■ THE INPUT ■

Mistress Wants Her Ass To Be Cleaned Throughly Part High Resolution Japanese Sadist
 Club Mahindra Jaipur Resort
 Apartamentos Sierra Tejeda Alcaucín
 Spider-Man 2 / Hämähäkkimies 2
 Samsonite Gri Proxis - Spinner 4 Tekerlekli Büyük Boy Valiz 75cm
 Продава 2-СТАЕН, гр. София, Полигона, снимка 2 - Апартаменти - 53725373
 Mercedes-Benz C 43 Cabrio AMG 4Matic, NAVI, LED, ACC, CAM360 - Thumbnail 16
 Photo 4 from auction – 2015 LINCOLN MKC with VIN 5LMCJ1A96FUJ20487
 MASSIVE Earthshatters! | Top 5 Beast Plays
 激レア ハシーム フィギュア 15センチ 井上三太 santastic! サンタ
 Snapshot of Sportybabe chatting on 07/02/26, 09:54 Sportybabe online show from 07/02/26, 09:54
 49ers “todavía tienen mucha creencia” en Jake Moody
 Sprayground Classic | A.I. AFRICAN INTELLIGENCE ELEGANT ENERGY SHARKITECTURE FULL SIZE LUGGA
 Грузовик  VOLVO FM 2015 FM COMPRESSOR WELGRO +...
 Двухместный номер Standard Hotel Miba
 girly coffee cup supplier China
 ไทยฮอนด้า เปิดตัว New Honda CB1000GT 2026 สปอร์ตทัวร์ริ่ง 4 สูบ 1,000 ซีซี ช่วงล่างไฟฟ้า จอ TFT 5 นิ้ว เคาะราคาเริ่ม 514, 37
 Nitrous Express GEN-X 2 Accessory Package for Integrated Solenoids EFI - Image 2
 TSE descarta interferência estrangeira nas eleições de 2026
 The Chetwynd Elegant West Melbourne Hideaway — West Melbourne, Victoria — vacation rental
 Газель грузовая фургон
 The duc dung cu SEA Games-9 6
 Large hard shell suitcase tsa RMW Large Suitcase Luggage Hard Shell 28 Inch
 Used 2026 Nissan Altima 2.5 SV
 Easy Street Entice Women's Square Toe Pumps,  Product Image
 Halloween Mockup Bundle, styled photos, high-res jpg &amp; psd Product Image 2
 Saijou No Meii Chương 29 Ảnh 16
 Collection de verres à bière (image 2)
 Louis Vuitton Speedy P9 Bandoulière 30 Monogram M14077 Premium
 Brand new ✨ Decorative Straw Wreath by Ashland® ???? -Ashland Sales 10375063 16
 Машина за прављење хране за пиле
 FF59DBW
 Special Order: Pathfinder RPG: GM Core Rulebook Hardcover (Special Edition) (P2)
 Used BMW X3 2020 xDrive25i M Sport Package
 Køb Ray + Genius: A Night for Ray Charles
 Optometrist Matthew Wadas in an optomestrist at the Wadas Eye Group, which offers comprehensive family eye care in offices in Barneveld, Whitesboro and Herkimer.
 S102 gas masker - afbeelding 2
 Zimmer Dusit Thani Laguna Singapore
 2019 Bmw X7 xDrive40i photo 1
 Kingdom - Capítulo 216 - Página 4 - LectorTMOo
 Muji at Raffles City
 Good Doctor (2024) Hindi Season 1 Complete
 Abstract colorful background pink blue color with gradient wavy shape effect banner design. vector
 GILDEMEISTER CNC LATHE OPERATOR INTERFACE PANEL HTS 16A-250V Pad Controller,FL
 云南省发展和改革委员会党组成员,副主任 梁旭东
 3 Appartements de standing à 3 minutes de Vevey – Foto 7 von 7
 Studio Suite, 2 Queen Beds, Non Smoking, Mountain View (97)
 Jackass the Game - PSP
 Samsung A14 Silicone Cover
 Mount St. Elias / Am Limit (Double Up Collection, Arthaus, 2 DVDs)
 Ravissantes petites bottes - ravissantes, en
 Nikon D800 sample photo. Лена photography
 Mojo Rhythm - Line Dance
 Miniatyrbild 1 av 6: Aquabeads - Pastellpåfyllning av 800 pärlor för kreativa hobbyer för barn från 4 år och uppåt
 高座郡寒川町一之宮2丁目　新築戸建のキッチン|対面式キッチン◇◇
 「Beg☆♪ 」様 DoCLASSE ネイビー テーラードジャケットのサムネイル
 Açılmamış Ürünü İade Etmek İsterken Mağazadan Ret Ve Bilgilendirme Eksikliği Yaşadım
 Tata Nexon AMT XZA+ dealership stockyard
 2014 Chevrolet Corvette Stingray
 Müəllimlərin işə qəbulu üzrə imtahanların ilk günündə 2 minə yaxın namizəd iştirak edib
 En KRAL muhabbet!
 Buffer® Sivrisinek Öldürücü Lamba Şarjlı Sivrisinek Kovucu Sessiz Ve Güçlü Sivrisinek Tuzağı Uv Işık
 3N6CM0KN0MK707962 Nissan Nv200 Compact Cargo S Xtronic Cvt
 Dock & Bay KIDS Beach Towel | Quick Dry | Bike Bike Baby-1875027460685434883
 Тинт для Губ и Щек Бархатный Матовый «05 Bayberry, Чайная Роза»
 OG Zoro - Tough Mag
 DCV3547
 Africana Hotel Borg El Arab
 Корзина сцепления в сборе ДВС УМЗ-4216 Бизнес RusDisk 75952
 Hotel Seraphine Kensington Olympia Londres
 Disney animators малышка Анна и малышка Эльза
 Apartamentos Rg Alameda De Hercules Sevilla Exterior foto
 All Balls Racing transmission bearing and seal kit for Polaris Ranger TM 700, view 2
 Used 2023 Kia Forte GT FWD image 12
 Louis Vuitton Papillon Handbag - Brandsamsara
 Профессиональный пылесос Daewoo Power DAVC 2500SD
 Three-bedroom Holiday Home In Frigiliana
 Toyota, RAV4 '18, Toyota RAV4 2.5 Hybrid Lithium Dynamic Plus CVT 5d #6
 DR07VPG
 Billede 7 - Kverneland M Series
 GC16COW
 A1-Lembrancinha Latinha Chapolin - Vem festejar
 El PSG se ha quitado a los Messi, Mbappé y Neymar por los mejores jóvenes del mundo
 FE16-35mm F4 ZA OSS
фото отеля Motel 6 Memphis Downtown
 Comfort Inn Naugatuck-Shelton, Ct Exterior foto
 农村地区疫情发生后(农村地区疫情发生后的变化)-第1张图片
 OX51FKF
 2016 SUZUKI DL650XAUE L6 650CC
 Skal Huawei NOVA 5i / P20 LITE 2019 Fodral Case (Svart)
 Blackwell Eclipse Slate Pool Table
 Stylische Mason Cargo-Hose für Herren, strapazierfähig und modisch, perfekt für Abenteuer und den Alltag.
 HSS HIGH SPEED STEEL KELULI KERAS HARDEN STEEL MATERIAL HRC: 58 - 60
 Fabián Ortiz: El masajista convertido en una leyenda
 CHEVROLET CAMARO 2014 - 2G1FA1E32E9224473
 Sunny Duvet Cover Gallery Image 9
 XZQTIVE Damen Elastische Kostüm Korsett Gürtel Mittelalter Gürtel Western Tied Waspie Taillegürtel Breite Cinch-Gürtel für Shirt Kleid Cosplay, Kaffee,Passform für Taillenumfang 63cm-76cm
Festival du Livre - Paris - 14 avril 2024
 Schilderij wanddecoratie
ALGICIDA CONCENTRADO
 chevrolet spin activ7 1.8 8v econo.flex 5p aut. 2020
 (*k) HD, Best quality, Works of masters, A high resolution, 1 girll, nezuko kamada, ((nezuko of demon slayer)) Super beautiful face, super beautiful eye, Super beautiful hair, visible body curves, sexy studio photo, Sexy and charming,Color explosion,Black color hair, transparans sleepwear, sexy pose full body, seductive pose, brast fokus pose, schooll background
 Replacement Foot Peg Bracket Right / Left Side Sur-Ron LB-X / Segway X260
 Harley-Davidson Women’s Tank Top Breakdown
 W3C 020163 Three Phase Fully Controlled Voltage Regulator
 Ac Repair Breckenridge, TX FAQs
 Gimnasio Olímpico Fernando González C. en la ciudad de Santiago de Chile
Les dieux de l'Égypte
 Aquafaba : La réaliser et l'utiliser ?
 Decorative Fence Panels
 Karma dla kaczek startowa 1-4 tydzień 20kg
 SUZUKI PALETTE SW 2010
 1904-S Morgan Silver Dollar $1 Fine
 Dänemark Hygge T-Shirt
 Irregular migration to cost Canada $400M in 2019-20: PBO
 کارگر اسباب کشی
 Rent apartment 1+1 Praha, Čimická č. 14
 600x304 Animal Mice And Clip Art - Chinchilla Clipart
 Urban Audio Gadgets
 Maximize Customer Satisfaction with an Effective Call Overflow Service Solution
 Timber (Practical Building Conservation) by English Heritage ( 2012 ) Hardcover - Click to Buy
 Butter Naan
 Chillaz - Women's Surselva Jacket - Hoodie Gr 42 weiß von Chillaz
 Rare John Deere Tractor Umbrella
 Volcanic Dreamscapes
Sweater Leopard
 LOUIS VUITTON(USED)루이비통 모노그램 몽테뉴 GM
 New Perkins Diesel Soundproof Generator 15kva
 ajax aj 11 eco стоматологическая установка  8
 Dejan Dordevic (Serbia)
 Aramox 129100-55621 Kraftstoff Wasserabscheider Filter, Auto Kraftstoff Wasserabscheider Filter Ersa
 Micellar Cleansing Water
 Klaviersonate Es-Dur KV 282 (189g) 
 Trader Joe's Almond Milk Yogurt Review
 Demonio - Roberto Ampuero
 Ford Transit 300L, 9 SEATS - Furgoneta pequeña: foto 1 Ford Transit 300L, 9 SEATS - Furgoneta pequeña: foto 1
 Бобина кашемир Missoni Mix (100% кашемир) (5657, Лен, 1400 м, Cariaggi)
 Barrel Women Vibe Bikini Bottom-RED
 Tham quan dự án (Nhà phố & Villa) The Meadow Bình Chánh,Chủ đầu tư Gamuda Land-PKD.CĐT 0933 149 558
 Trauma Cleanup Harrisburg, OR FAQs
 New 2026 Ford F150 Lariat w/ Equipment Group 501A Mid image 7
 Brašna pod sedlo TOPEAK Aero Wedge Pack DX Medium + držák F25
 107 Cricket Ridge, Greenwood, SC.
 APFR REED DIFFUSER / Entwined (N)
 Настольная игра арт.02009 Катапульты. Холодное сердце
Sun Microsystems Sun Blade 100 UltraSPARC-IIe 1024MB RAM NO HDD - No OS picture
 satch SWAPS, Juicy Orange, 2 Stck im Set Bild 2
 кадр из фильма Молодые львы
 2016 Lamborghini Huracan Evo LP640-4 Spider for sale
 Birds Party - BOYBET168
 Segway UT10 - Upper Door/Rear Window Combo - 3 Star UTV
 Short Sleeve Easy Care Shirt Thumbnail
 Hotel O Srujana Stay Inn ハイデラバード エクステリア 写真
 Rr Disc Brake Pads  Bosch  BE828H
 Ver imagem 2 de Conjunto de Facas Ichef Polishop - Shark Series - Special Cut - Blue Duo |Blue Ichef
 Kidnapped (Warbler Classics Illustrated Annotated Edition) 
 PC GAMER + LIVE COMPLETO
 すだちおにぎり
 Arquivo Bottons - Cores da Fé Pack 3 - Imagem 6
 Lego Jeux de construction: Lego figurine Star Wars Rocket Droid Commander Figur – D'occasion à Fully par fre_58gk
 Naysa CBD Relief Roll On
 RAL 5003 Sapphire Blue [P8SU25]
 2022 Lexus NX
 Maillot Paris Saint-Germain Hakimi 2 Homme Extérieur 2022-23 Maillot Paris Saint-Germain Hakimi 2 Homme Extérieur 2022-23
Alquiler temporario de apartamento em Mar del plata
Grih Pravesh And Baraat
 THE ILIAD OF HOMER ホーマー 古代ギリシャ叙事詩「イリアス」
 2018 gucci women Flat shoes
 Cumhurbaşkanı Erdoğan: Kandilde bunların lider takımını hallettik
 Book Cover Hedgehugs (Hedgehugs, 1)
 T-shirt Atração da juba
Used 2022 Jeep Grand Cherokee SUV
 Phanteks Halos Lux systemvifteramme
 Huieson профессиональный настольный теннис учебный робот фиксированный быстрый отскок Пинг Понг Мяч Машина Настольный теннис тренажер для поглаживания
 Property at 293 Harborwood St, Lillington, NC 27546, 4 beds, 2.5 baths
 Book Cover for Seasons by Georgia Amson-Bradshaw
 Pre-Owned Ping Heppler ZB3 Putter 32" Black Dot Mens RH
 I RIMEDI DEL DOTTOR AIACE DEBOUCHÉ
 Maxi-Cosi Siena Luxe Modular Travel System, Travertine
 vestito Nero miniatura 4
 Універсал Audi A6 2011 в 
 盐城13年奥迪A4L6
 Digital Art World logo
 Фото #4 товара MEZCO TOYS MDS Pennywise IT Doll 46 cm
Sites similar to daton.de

■ EXERCISE ■
Across the material, report every line that has the word "Thumbnail".

■ ANSWER FOR THIS EXERCISE ■
 Mercedes-Benz C 43 Cabrio AMG 4Matic, NAVI, LED, ACC, CAM360 - Thumbnail 16
 Short Sleeve Easy Care Shirt Thumbnail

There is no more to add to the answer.